Following interrogations and a close examination of their papers, the colonial authorities readily concluded that the two were influenced by Bolshevism and confirmed the claim of the ship’s officers that they were ‘dangerous and a menace to the ship.’ The papers indicated anarchist and anti-authoritarian links rather than any clear ‘Bolshevik’ position, reflecting the wide interpretation made of the term at this point. They were incarcerated at Alipore Central Jail, a familiar destination of political prisoners in the city, though the authorities pressed for their transfer to the Ahmednagar military internment camp; they argued the latter was more suitable since it held ‘prisoners of this type of Bolshevists’. Ultimately, in August, Balboa was put on a ship sailing to Port Said, and Burtovich on one sailing for Shanghai, from which the British authorities intended to deport him to White Russia. Apparently Burtovich resisted this course of action, getting off the ship at Singapore. After their deportation, the trail of the two radical strikers faded from official reports preserved in Calcutta. The circumstances of their arrival and departure nevertheless suggest that local authorities in the port cities of the colonial and semi-colonial world were becoming increasingly vigilant regarding the ‘Bolshevik Menace’. As Britain and its allies attacked the nascent Soviet Republic immediately after the First World War ended, a powerful and effective network of surveillance against political dissidents which had already existed, was further expanded to look out for the so-called Bolshevik agents travelling by sea. A colonial ‘hydrophobia’, underlined by a heightened anxiety over imperialist control over the ocean-scape of the world, determined British official thinking; sailors, ships, sea-routes and port cities were seen as entry-points of an enemy with ever-changing, liquid physiognomy.

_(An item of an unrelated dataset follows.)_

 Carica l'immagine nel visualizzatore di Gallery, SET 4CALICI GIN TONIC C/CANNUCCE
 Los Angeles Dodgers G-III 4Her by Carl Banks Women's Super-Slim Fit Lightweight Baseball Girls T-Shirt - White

The 25-year-old Burtovich, a godless member of ‘an unlawful association’, looks grim and defiant in the photos taken by the Australian police and preserved in the government records of New South Wales. The front and side shots are accompanied with the following note:
‘The Bathurst Gaol photograph description sheet for John Burtovich native of Russia, born 15 September 1892 records that he was convicted at Broken Hill Police Court on 3 September 1917 for being a member of an unlawful association and sentenced to 6 months hard labour. His description notes that he arrived in New South Wales per the ship Eliza in 1915 and was a labourer by trade.’
References: Suchetana Chattopadhyay, ‘The myth of the outsider: from Whitehall to Elysium Row, 1917-21’, Twentieth Century Communism 6(6) (2014)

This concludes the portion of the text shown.